### Exercise objective
Would you reproduce exactly, and only, the lines starting at the one with "David Griffin with" and ending at the last line of the data, with both included? Leave the pictures out.

### Data below
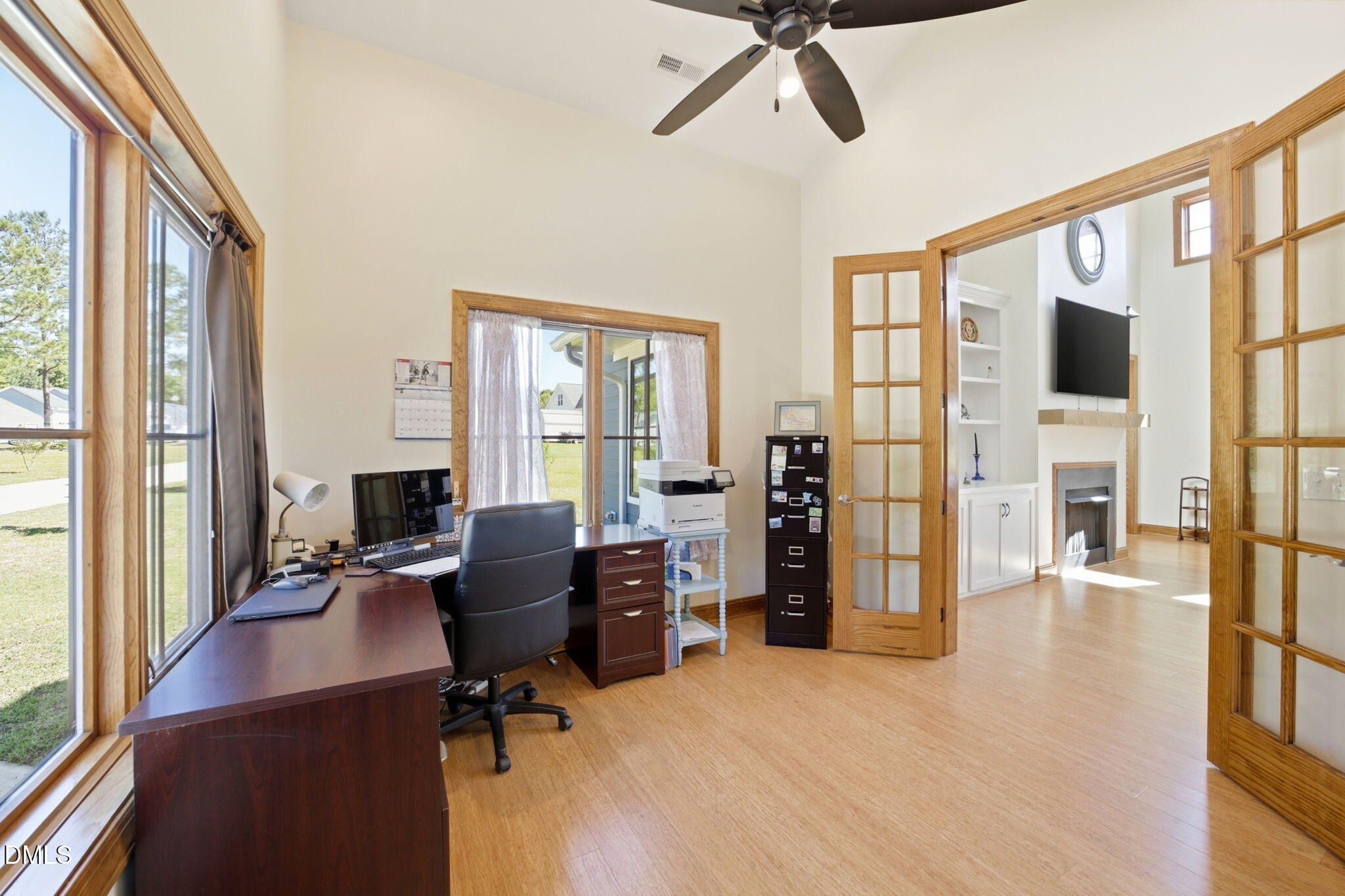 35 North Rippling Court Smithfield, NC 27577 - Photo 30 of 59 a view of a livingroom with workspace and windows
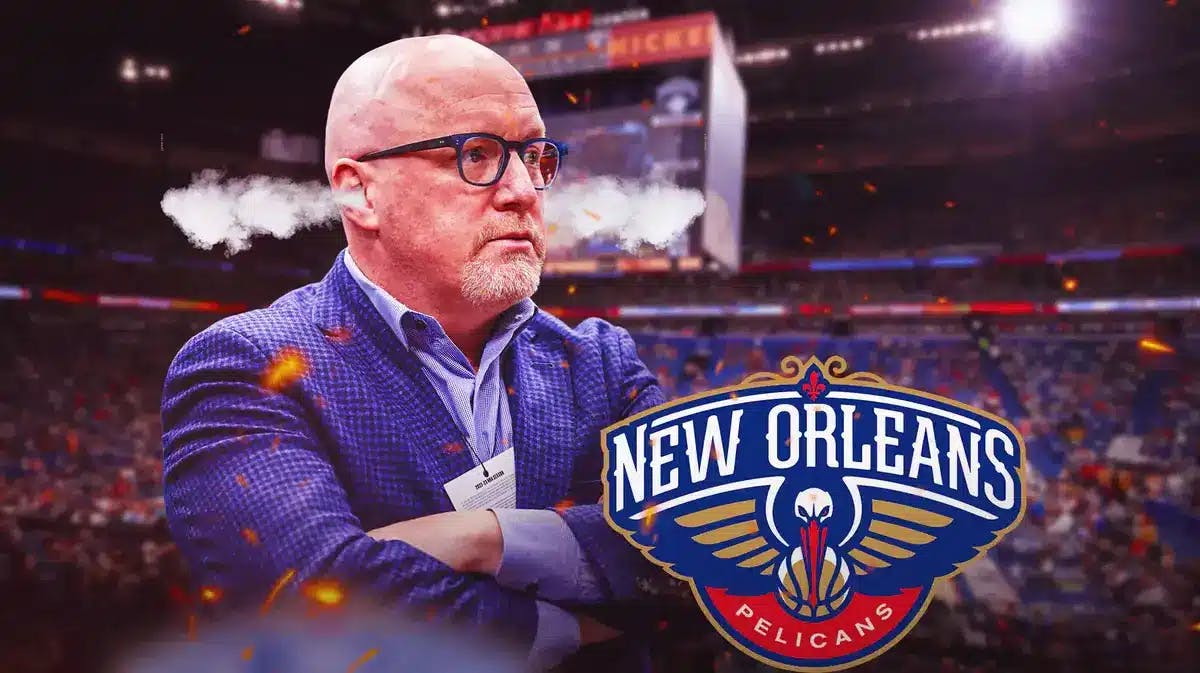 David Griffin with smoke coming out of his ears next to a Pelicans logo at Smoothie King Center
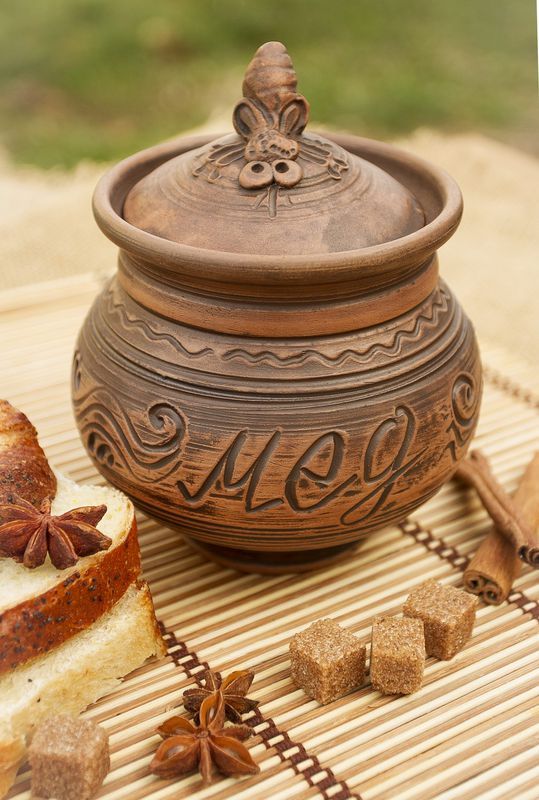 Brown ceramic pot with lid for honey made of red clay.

### Response area
 David Griffin with smoke coming out of his ears next to a Pelicans logo at Smoothie King Center
 Brown ceramic pot with lid for honey made of red clay.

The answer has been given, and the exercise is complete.